### WHAT TO PRODUCE
In the entries that follow, locate the line with "אייל ציונוב צילום: Yonatan", then restate that line and all later lines exactly as they appear, leaving pictures out.

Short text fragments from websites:
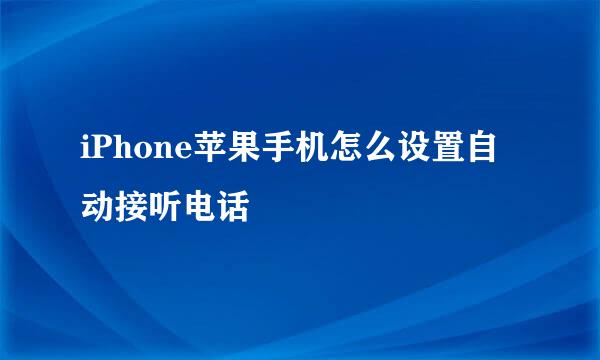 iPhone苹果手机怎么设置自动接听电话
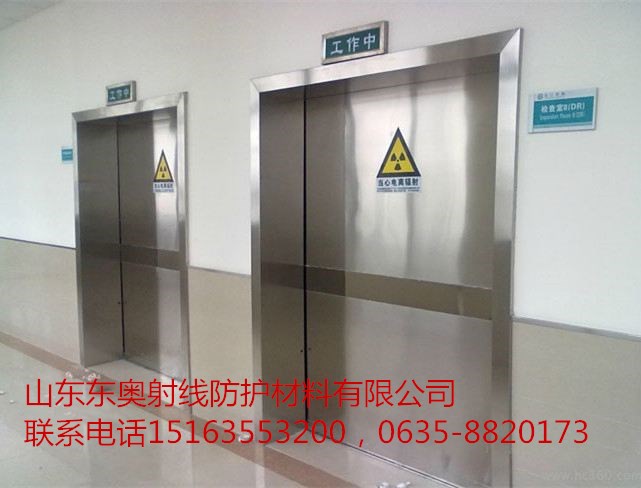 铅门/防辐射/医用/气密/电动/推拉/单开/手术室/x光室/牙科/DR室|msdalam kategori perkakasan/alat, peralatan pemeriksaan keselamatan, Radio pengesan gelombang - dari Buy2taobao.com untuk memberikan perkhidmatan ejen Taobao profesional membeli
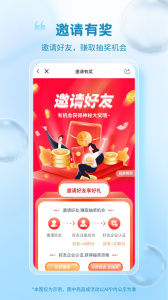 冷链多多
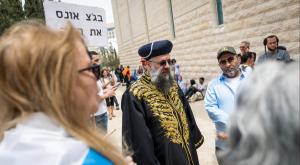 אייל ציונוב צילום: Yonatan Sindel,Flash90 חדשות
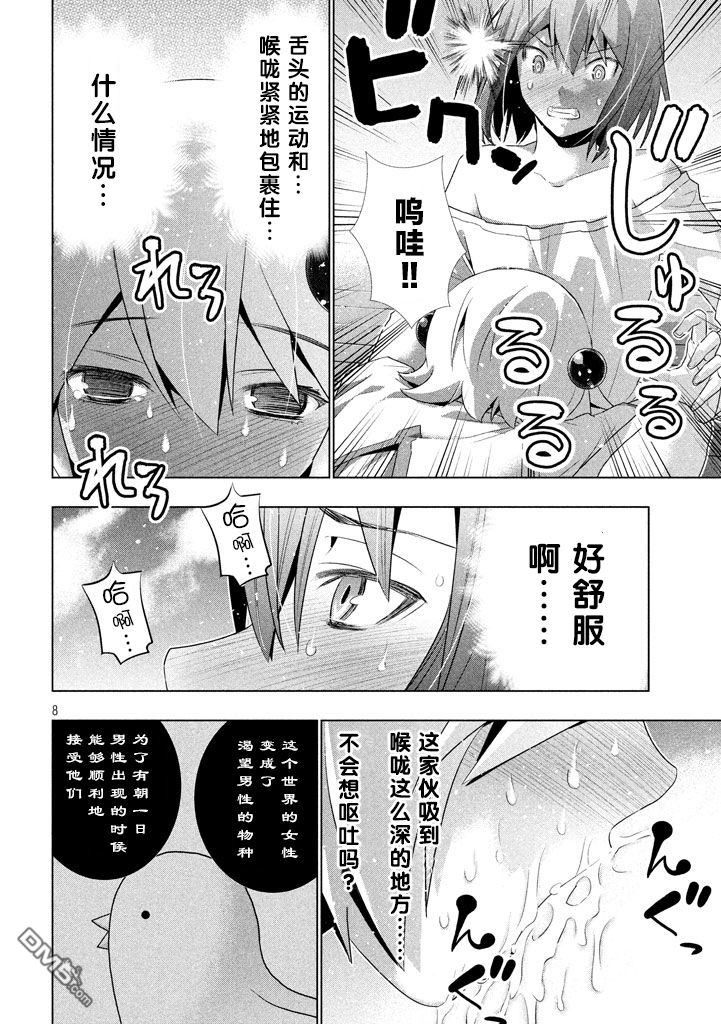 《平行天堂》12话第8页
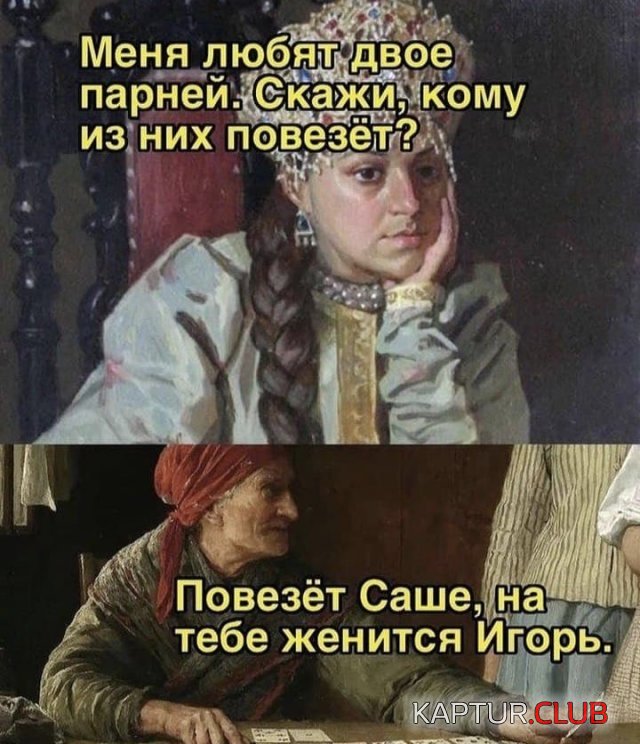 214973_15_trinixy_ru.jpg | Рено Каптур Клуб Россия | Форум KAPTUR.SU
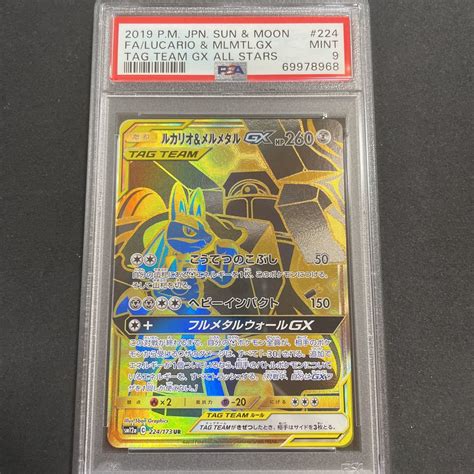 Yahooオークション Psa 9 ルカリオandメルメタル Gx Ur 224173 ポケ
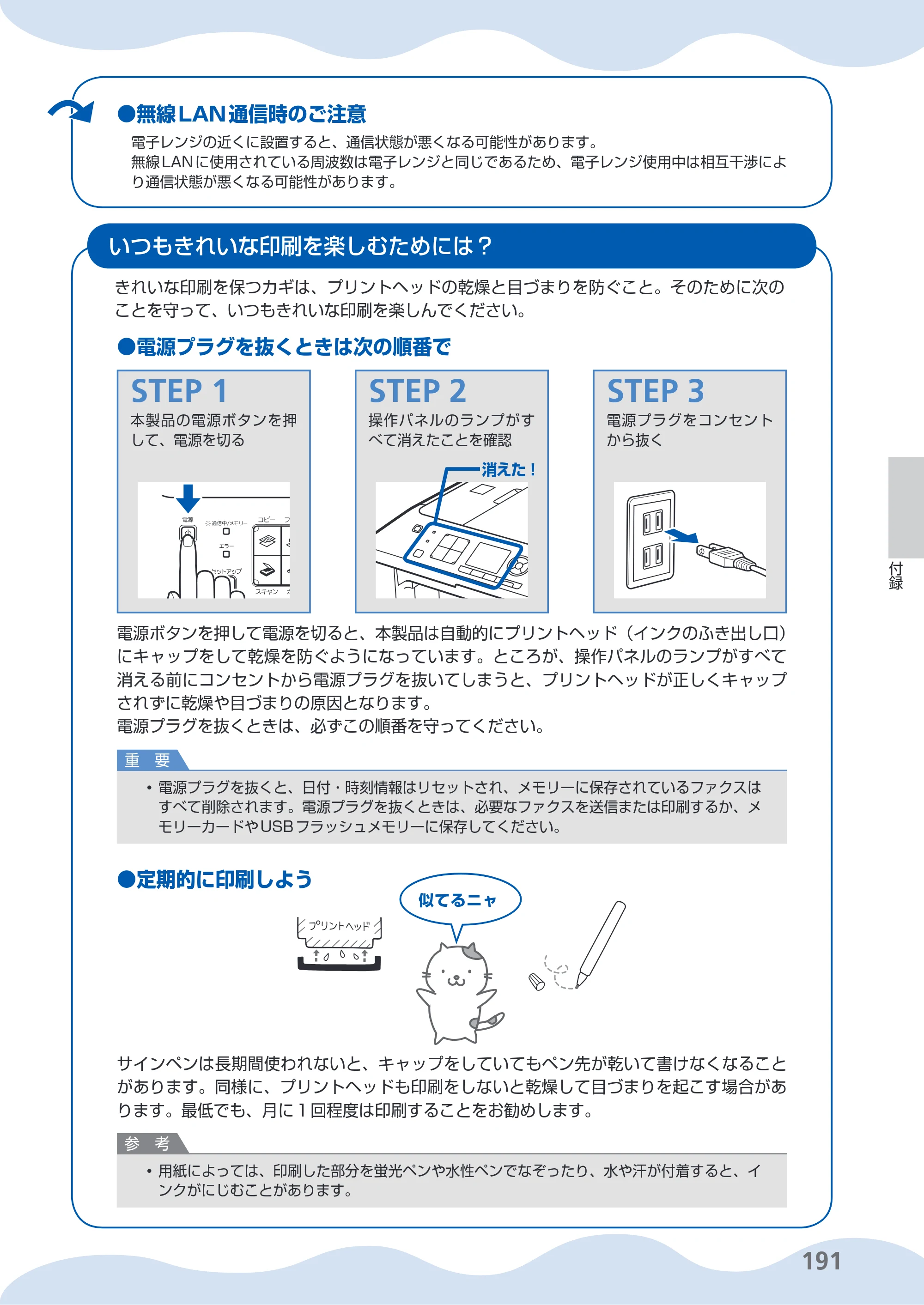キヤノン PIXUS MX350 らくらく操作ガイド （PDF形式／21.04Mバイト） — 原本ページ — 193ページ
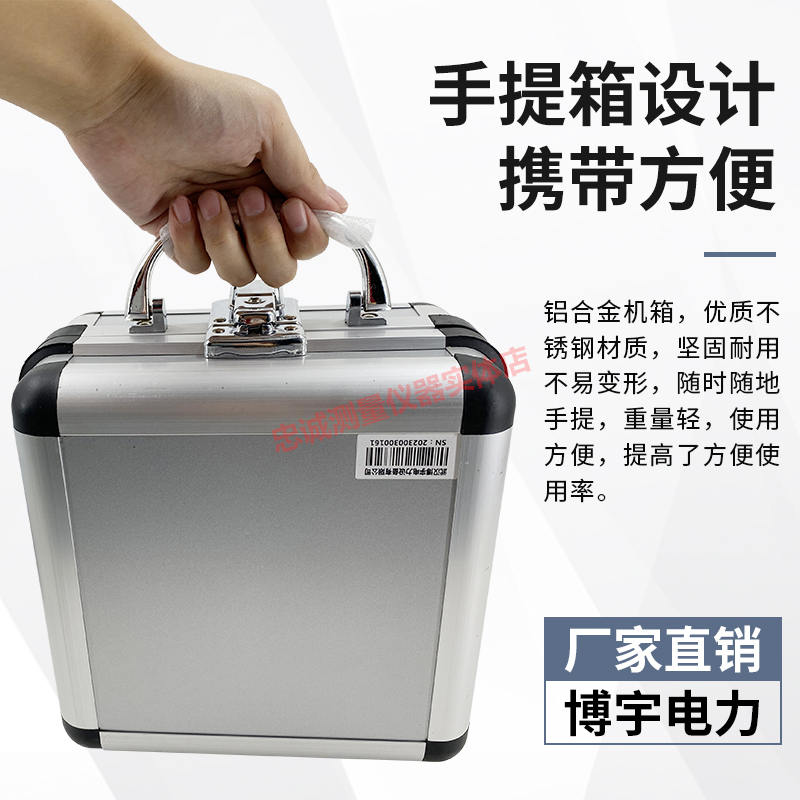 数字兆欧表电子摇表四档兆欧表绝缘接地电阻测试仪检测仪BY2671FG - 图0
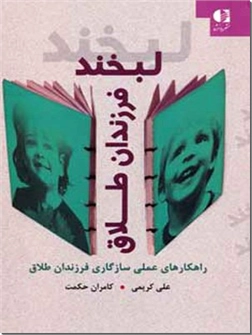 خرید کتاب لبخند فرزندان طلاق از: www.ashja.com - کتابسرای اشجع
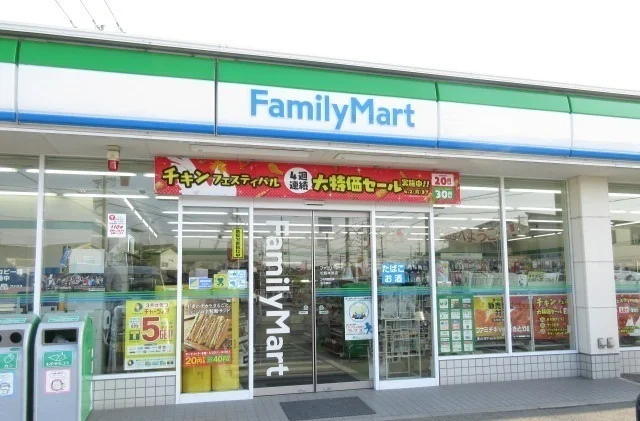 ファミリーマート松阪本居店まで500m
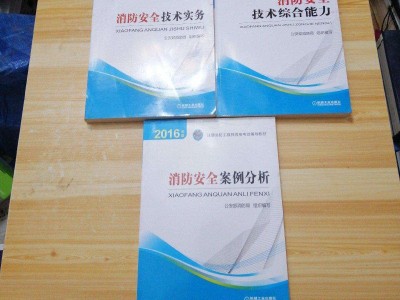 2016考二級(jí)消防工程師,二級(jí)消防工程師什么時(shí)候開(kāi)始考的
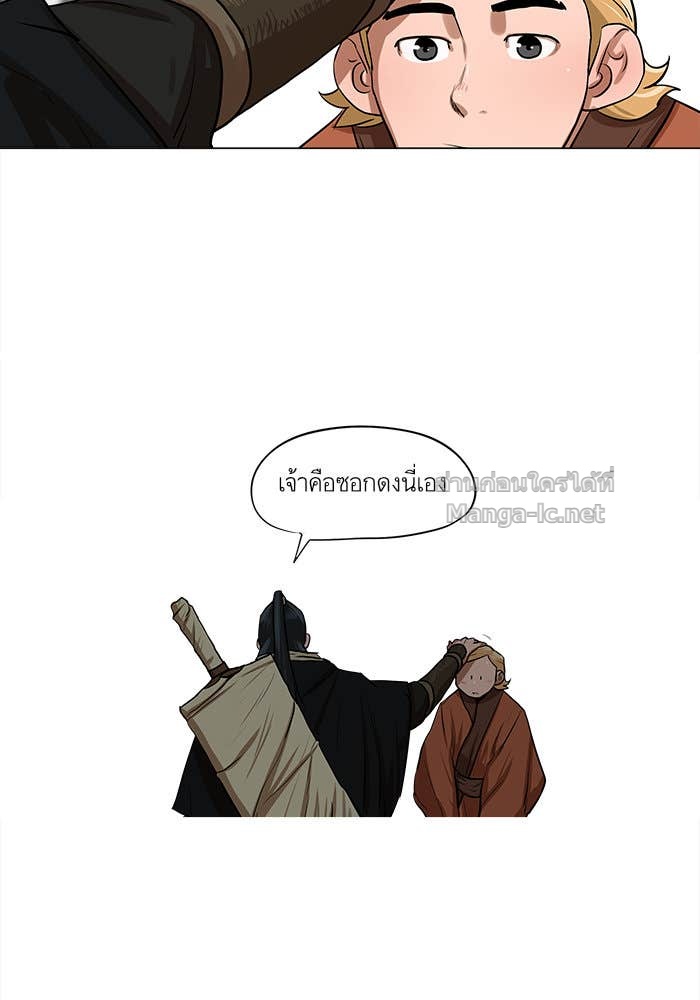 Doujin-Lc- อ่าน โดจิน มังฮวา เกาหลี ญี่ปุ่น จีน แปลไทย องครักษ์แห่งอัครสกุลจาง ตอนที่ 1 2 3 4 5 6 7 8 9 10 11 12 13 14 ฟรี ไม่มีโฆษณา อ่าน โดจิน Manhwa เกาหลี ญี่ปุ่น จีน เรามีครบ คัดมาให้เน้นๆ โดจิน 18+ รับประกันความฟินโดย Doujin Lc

### WRITTEN SOLUTION
 אייל ציונוב צילום: Yonatan Sindel,Flash90 חדשות
 《平行天堂》12话第8页
 214973_15_trinixy_ru.jpg | Рено Каптур Клуб Россия | Форум KAPTUR.SU
 Yahooオークション Psa 9 ルカリオandメルメタル Gx Ur 224173 ポケ
キヤノン PIXUS MX350 らくらく操作ガイド （PDF形式／21.04Mバイト） — 原本ページ — 193ページ
 数字兆欧表电子摇表四档兆欧表绝缘接地电阻测试仪检测仪BY2671FG - 图0
 خرید کتاب لبخند فرزندان طلاق از: www.ashja.com - کتابسرای اشجع
 ファミリーマート松阪本居店まで500m
 2016考二級(jí)消防工程師,二級(jí)消防工程師什么時(shí)候開(kāi)始考的
 Doujin-Lc- อ่าน โดจิน มังฮวา เกาหลี ญี่ปุ่น จีน แปลไทย องครักษ์แห่งอัครสกุลจาง ตอนที่ 1 2 3 4 5 6 7 8 9 10 11 12 13 14 ฟรี ไม่มีโฆษณา อ่าน โดจิน Manhwa เกาหลี ญี่ปุ่น จีน เรามีครบ คัดมาให้เน้นๆ โดจิน 18+ รับประกันความฟินโดย Doujin Lc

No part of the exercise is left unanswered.